Karena kerja reserpin yang ireversibel, untuk pengembalian kadar katekolamin memerlukan waktu yang lama. Karena itu pemberian berulang akan menyebabkan efek kumulatif, walaupun pemberiannya hanya 1 x seminggu. Selain itu reserpin juga mengosongkan katekolamin dan 5-HT dimedula adrenal, otak dan organ-organ lain.

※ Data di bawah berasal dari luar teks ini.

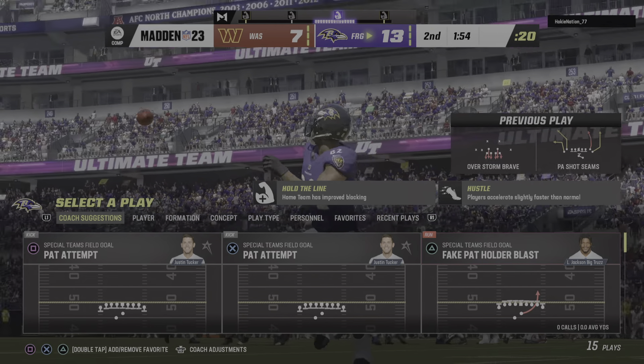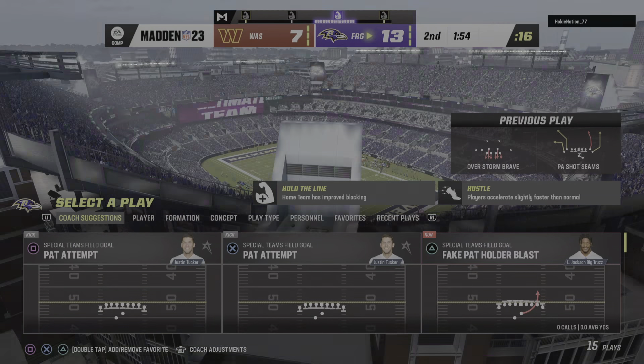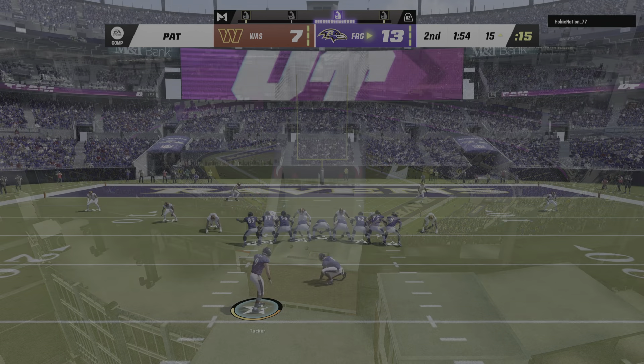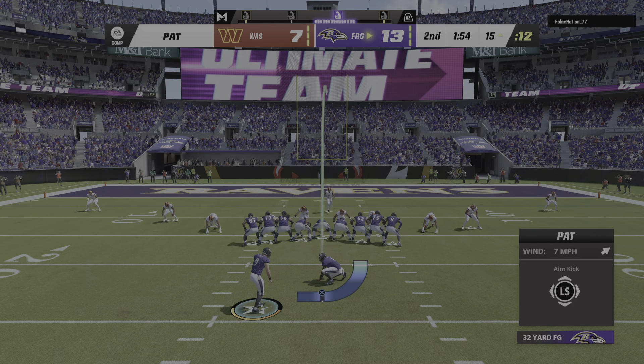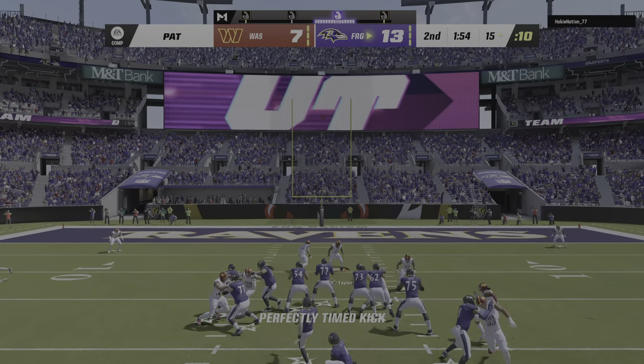And on that one, able to catch it, also able to have the wherewithal to take it in for the score. And how about the phases of a successful catch. Look the ball in, secure the catch, and then, of course, the run after the catch that ends up in the end zone.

Efek antihipertensi : Efek penghambatan aktivitas adrenergik menyebabkan penurunan tekanan darah yang berlangsung lambat disertai takikardi serta penrunan resistensi perifir (terutama pada waktu berbaring). Efek sentral : menimbulkan sedasi dan sikap tidak acuh terhadap sekitarnya. Efek sentral ini diduga karena deplesi katekolamin dan 5-HT di SSP. Penggunaan dosis tinggi dalam jangka lama dapat menimbukan gejala ekstrapiramidal. EFEK SAMPING DAN INTOKSIKASI
Efek samping yang utama ialah terhadap SSP dan saluran cerna. Efek samping dapat berupa : (1) sedasi, (2) depresi mental yang berat dan mimpi-mimpi buruk sudah dapat terjadi pada dosis 0,25 mg; (3) gangguan ekstrapiramidal (jarang terjadi pada dosis untuk antihipertensi); (4) peningkatan tonus dan motilitas saluran cerna, yang disertai spasme dan diare, dan sekresi asam lambung meningkat; (5) peningkatan berat badan; (6) kemerahan dan kongesti nasal (dapat menimbulkan gangguan nafas yang berat pada bayi yang dilahirkan dari ibu yang mendapat reserpin).
KONTRAINDIKASI
Reserpin tidak boleh diberikan pada: (1) penderita dengan riwayat depresi mental, dan harus dihentikan bila pada pemakaiannya timbul gejala depresi, (2) adanya riwayat ulkus peptikum, dan pemberian harus dihentikan bila pada pemberiannya menimbulkan gejala ulkus peptikum.
3. ADRENOLITIK SENTRAL
Termasuk dalam golongan ini ialah : klonidin dan metildopa yang bekerja menghambat perangsangan neuron adrenergik sentral di SSP yang mengatur aktivitas simpatis perifir. Penggunan utama obat ini ialah sebagai antihipertensi (lihat seksi 30).